Appellant also argues that the district court abused its discretion because it did not address her oral motion to have child support paid automatically from respondent’s checking account.  Whether an oral motion is properly before the district court is largely left to the district court’s “sound discretion.”  Stern v. Dill, 442 N.W.2d 322, 325 (Minn. 1989).  We conclude the district court did not abuse its discretion in not addressing appellant’s motion.  Appellant’s motion was made merely as an aside during the hearing on the contempt motion and further, the income withholding statute requires a written notice.  See Minn. Stat. § 518.6111, subd. 7 (Supp. 1999).


Appellant requests that this court remand to the district court for an award of attorney fees.  A child support obligee may obtain attorney fees incurred in prosecution of an obligor’s contempt.  Minn. Stat. § 588.11 (1998); In re Marriage of Nelson, 408 N.W.2d 618, 622 (Minn. App. 1987).  But in light of our decision here and the facts of this case, particularly the district court’s determination as to respondent’s good faith, we reject appellant’s request to remand for attorney fees.
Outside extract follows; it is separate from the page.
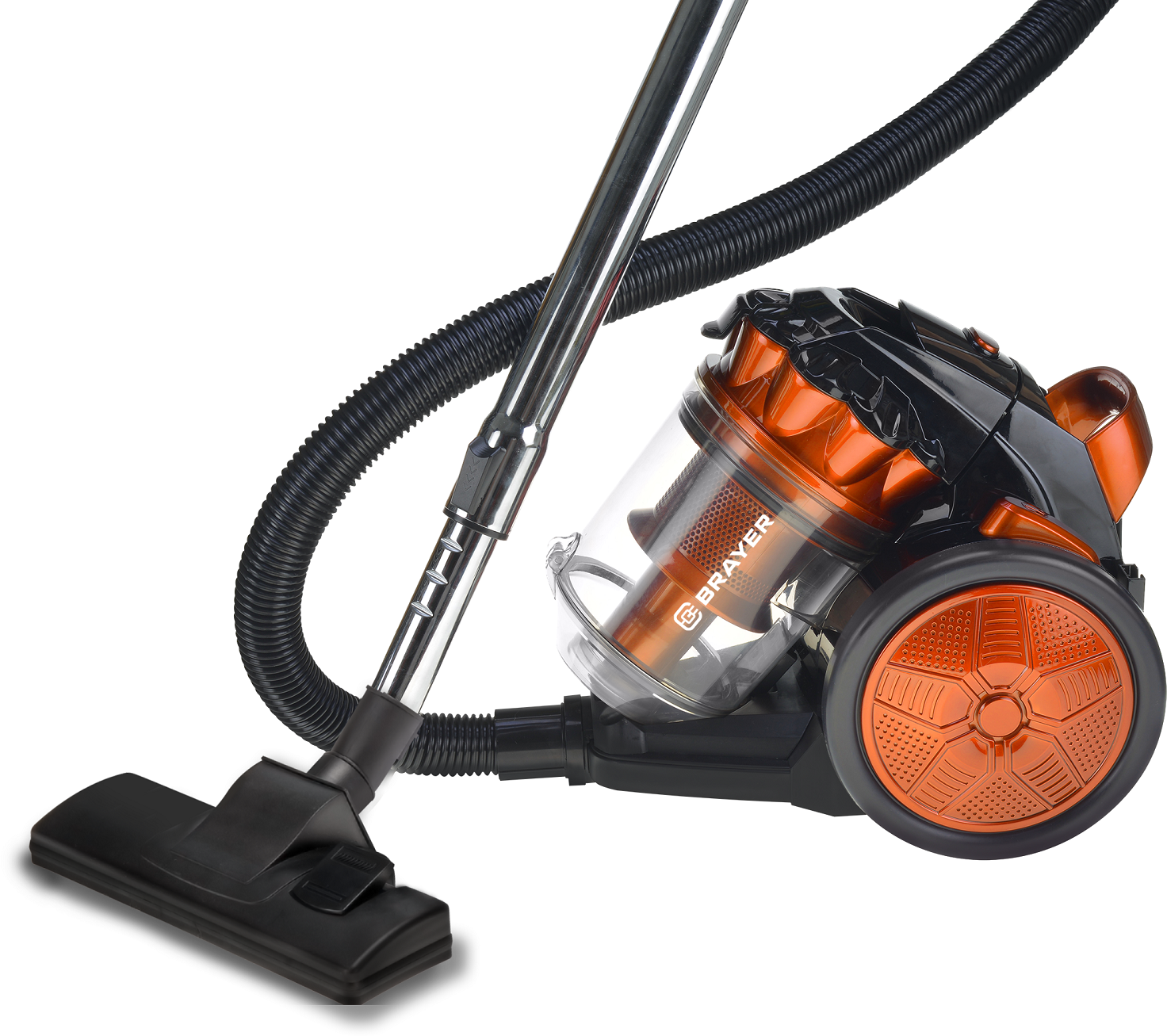 Пылесос BRAYER BR4201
            Respondent also requests an award of attorney fees contending that this appeal is frivolous.  Attorney fees may be awarded in dissolution cases where an appeal was frivolous or made in bad faith.  Roehrdanz v. Roehrdanz, 438 N.W.2d 687, 691-92 (Minn. App. 1989), review denied (Minn. June 21, 1989).  But attorney fees will not be awarded where the parties’ arguments are colorable.  See Kitchar v. Kitchar, 553 N.W.2d 97, 104 (Minn. App. 1996) (denying award of attorney fees where “both parties presented colorable legal arguments on difficult issues”), review denied (Minn. Oct. 29, 1996).  Here, appellant had a colorable argument that respondent was not complying with the terms of the court order by making irregular payments.  We therefore deny respondent’s request for attorney fees.


*  Retired judge of the Minnesota Court of Appeals, serving by appointment pursuant to Minn. Const. art. VI, § 10.